/i/Sözlük İçi

sözlük içi.
  1. 1.
    +3
    akıttım zehrimi üstün başın toprak, tanrı.
    gecenin hırsız vaktinde uyanmıştım yanımda sen, benden suç istedin ben senden af diledim. yalnızlığın da kuşkusuz güzel taraflarına dokunduk aynı yorgan altında. saatlerin bitmeyen tiktakları dakikaların hızlı kovalamalarından kaçıyordu..
    hani demiştin ya "keşke içine koysalar beni" diye o zaman anladım tanrının hatasını: tek bedende iki ruh bir kadın bir erkek, iki yalnız çocuk gözleri kocaman elleri yara bere..
    yaralandık, kirlendik, kirlettik, pişman olduk, mutlu olduk, yalnızlığın doyumsuzluğuna seninle beraber dokunduk..
    tadıma baktım parmakların ağzımda. ben ifadesiz zorlamalardan kaçtım sen ruhumu boğdun sularında tanrının.
    ve ayrılık vakti geldiğinde sonrasını düşünmediğim koyboluşlarda dokundu sesim kulaklarına..
    şimdi sen yoksun ya
    artık bende biraz daha fazlasın..
    yok olman dileğiyle..

    cism-i can'dan suların ötesine..
    ···
  2. 2.
    +1
    Dostum sen mi yazdın bunu?
    ···
    1. 1.
      0
      evet bro
      ···
    2. 2.
      +1
      Çok güzel lan tebrik ederim
      ···
  3. 3.
    +1
    iyi gelmişliğin bir aylık intihar bilançosu..

    tam bir ay yani otuz gün. otuz gece otuz sabah. zayıflıklarımızı ruh eşi sandık ve sandıktan çıkardık bir bir aşk çeyizlerimizi:

    -bak bu yara ilk aşkın hatırası..

    -tam şuramda hissettin mi, buda benim ilk acım..

    çevreye verdiğimiz rahatsızlıktan ötürü sen içten içe utandın ben iyiden iyiye çocuklaştım. basit bir tadilattı ruhumuza bir morfin, bir ağrı kesici. eros kaçak çalıştırıldı gece resepsiyonda..
    her gün yeniden başladık, her gece yeniden bitirdik. içimizden ne geldiyse söyledik ne istediysek yaptık. saftık. onca rezilliğin içinde biz saftık. yanlış zamanın asi çocuklarıyız sen ve ben. bir daha hiç birleşemeyecek ama birbirinden hiç ayrılamayacak olan.
    zor olanı yaptık yanlış olanı bulduk. doğrunun zor olmadığını öğrendim korkuyla elinden tuttuğumda
    ben seni uykulu gözlerle gülüşünü bekledim tren yolunda, sen beni uykusuz gözlerle tuttun yanında..
    ne ekgib kaldı ne her şey tamamlandı.
    kendimi gözlerinin aynasında görmedim hiç insan baksa aynaya ruhunu görür mü? bak gördün mü yine şizofreniye bağladım..
    reddedilen evlat kadar yalnız kalıcaz artık.
    ressam ölür tablo yarım kalır
    şair ölür şiir yarım kalır
    kimse ölmeden yarım kalanların hesabını kime vericez. para üstü olarak daha kaç günah işleyecez.

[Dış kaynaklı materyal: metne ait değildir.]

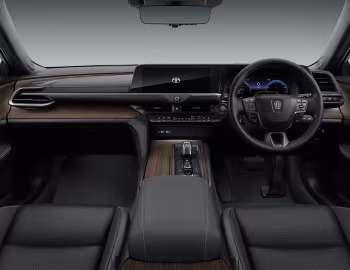 Panel frontal Toyota Crown FCEV Sedan [Japan] '2023–pr.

    hem hoşgeldin hem hoşçakal
    hem git artık hem yanımda kal..
    ···
  4. 4.
    0
    bir kaç saat öncesiydi. varlığın anlamsızlığına, eşyanın tabiatına yenildiğim an, varlık tüm ruhuyla dokundu gözlerimdeki telaşıma. zamanın bir an olsun durmasını bekliyordum. -aşk tabirleri kitaplarda böyle yazardı zira- kendimdeydim, hiç olmadığı kadar hissedebiliyordum yarı karanlık odada beni etkileyen her bir zerreyi. benliğimin derinliklerine, ruhumun hiç inilmemiş patikalarına, ruhumun hiç bir ruhla temas etmemiş renklerine dokundu, çırılçıplak saflığıyla beni kendine çağıran, teni kavruk, kokusu deniz, saçları yosun incecik bir tanrı. hissettiğim şey; onun dilinden çıkan samimiyetinden başka bir şey değildi. odanın kapısının ardı kadar yakındı gözleri, benden biraz uzakta kurduğu dünyanın insanlarını yönetmekle meşguldü. yanına gidip gözlerine bakmak, yanına gidip gözlerinden söz almak istiyordum. odanın kapısını açtım. yavaşça mermer taşların üzerinden geçerek ona ulaştığımda kırmızı yanaklarımız bizi kendimize karşı ele veriyordu. yanından geçerken bir kaç saniye göz göze geldik. ellerimin telaşını yok etmek için bir sigara çıkardım cebimden ve kapının önüne çıkıp titrek ellerimin yardımıyla sigarayı dudaklarımla birleştirdim. camdan içeriye baktığımda gözlerinden akan koyu kahve kokusu sigarama katık oluyordu. tenindeki deniz kokusu genzimi yakıyor, onun varlığını hissetmek kalbimin sınırlarını zorluyordu.
    bir kaç saat sonrasıydı. tanrıyı karanlık odamda el yordamıyla bulmaya çalışıyordum. ona dokunabilme ihtimali bile beni korkutuyordu. artık idrak edebiliyordum. o beni seçmişti aşkına elçi olarak. bu bir irşattı, ruhlarımız arasında köprü. gelecek tek şey çiledir kendimize bunda sonra. aşkı aşk yapan çekilen çilelerin büyüklüğü değil midir? derinliklerimizde kaybolmamızın sebebi bu değil miydi? tanrının bu çağrısı beni yıllardır sürüklendiğim yoldan alıp geniş ovaları, upuzun bitmek bilmeyen kumsalları vaadediyordu. durduramadım içimdeki tanrı korkusunu-sevgisini.
    aşk korkakların işi değildi. bir aptal cesareti de değildi. aşk; uyandığında bedenini yatakta, banyoda, deniz kenarında, cilasını yitirmiş tahtaları çatlak bir bankta unutmaktı. otobüs duraklarında, tren vagonlarında, ada vapurlarında kendini aramaktı. zamanı bir kaç yıl geriye almak, zamanı sensizliğin ötesine taşımak, kaderi sonbahar bulutundan düşen ilk yağmur damlasına yüklemekti aşk.
    ve bir melek parmak uçlarında yürüyerek, sessiz sedasız sağ omzuma başını koyuverdi. çoşkuyla kutladı sevinçli çocuklar muzaffer bayramımızı.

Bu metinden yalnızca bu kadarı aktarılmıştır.